2017-03-19 01:04:24 +01:00 · 2017-03-19 01:04:24 +01:00 · fc8e22df8f
commit fc8e22df8f
parent f68ef1e2ab
2 changed files with 136 additions and 0 deletions
--- a/youtube_dl/extractor/extractors.py
+++ b/youtube_dl/extractor/extractors.py
@ -1028,6 +1028,11 @@ from .tvigle import TvigleIE
 from .tvland import TVLandIE
 from .tvn24 import TVN24IE
 from .tvnoe import TVNoeIE
 from .tvnplayer import (
    TVNIE,
    TVNPlayerIE,
    TVNPlayerSeriesIE,
 )
 from .tvp import (
    TVPEmbedIE,
    TVPIE,
--- a/youtube_dl/extractor/tvnplayer.py
+++ b/youtube_dl/extractor/tvnplayer.py
@ -0,0 +1,131 @@
 # coding: utf-8
 from __future__ import unicode_literals
 import re
 from .common import InfoExtractor
 from ..utils import determine_ext
 class TVNIE(InfoExtractor):
    IE_NAME = 'tvn'
    _VALID_URL = r'https?://(?:[^/]+\.)?tvn\.pl/.*?,(?P<id>\d+),o\.html'
    _TEST = {
        'url': 'http://nawspolnej.tvn.pl/odcinki-online/odcinek-2440,71587,o.html',
        'md5': '1de06bc87774c334ac473f79ee4a5719',
        'info_dict': {
            'id': '70618',
            'ext': 'mp4',
            'title': 'Na Wspólnej, odc. 2440',
            'description': 'md5:73b915646094286a6b3c159c79c67e38',
        },
    }
    def _real_extract(self, url):
        page_id = self._match_id(url)
        webpage = self._download_webpage(url, page_id)
        video_id = self._search_regex([
            r'/player.pl/.*?,(\d+),autoplay.html',
            r'var\s+var_id\s+=\s+[\'"](\d+)'], webpage, 'video id')
        return self.url_result('http://player.pl/,%s.html' % video_id, ie=TVNPlayerIE.ie_key())
 class TVNPlayerIE(InfoExtractor):
    IE_NAME = 'tvnplayer'
    _VALID_URL = r'https?://player\.pl/.*?,(?P<id>\d+)(?:,\w+)?\.html'
    _TEST = {
        'url': 'http://player.pl/seriale-online/na-wspolnej-odcinki,144/odcinek-2436,S00E2436,70614.html',
        'md5': '1e1457420045d36c488c94cf35d8e9cb',
        'info_dict': {
            'id': '70614',
            'ext': 'mp4',
            'title': 'Na Wspólnej, odc. 2436',
            'description': 'md5:651cbbc050c3716200cb3f61c24e85b5',
        },
    }
    def determine_bitrate(self, url):
        str_bitrate = url.partition("?")[0].rpartition('.')[0].rpartition("_")[-1]

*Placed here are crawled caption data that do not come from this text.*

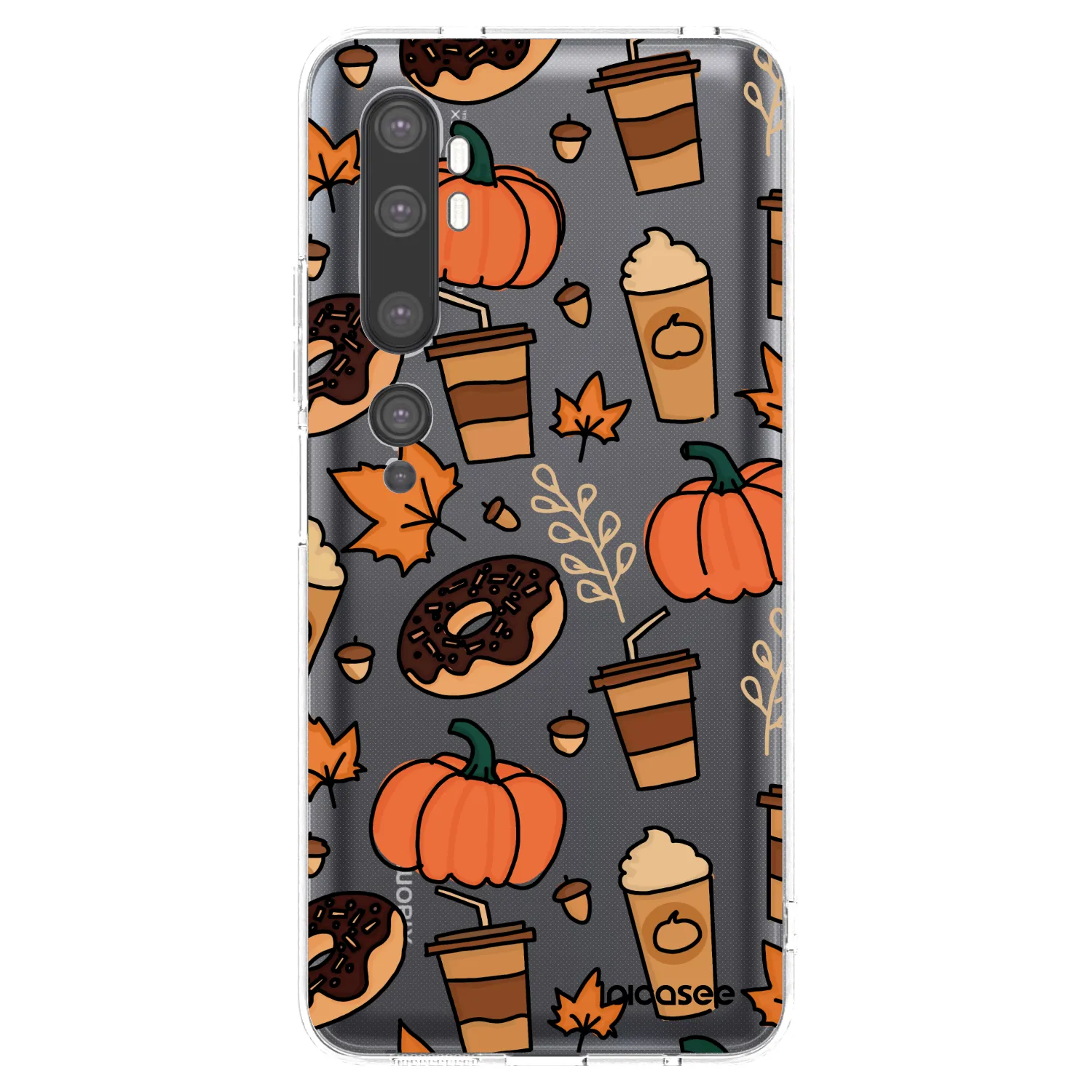 Picasee silikonski prozorni ovitek za Xiaomi Mi Note 10 (Pro) - Fallovers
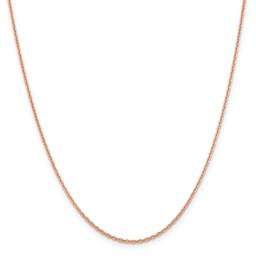 Gold Classics(tm) 1.65mm. 14k Rose Gold Diamond Cut Necklace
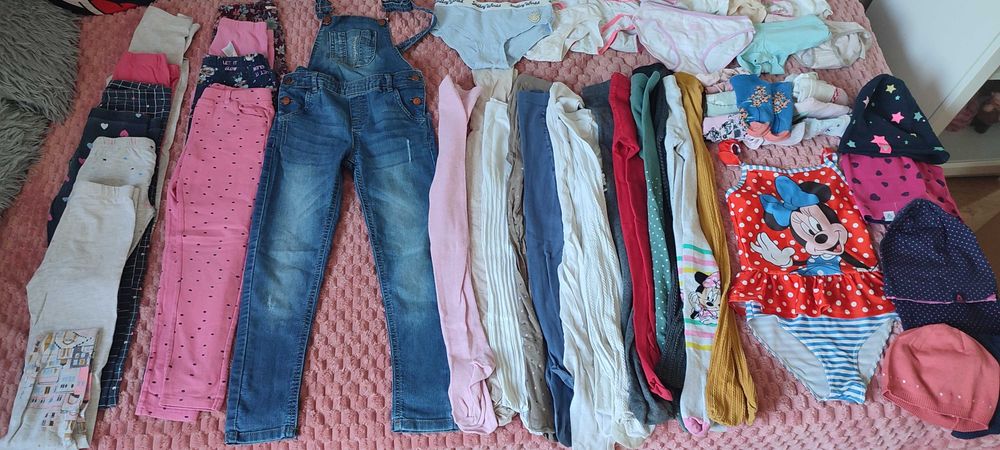 MEGA PAKA ponad 130 SZTUK Ubrania dla dziewczynki rozmiar 128 mega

        return int(str_bitrate)/1000
    def _real_extract(self, url):
        video_id = self._match_id(url)
        json_url = 'http://player.pl/api/?platform=ConnectedTV&terminal=Panasonic&format=json&authKey=064fda5ab26dc1dd936f5c6e84b7d3c2&v=3.1&m=getItem&id='
        json_data = self._download_json(json_url + video_id, video_id)
        item = json_data['item']
        title = item['serie_title']
        description = item['lead']
        if item['season'] > 0:
            title += ', sezon ' + str(item['season'])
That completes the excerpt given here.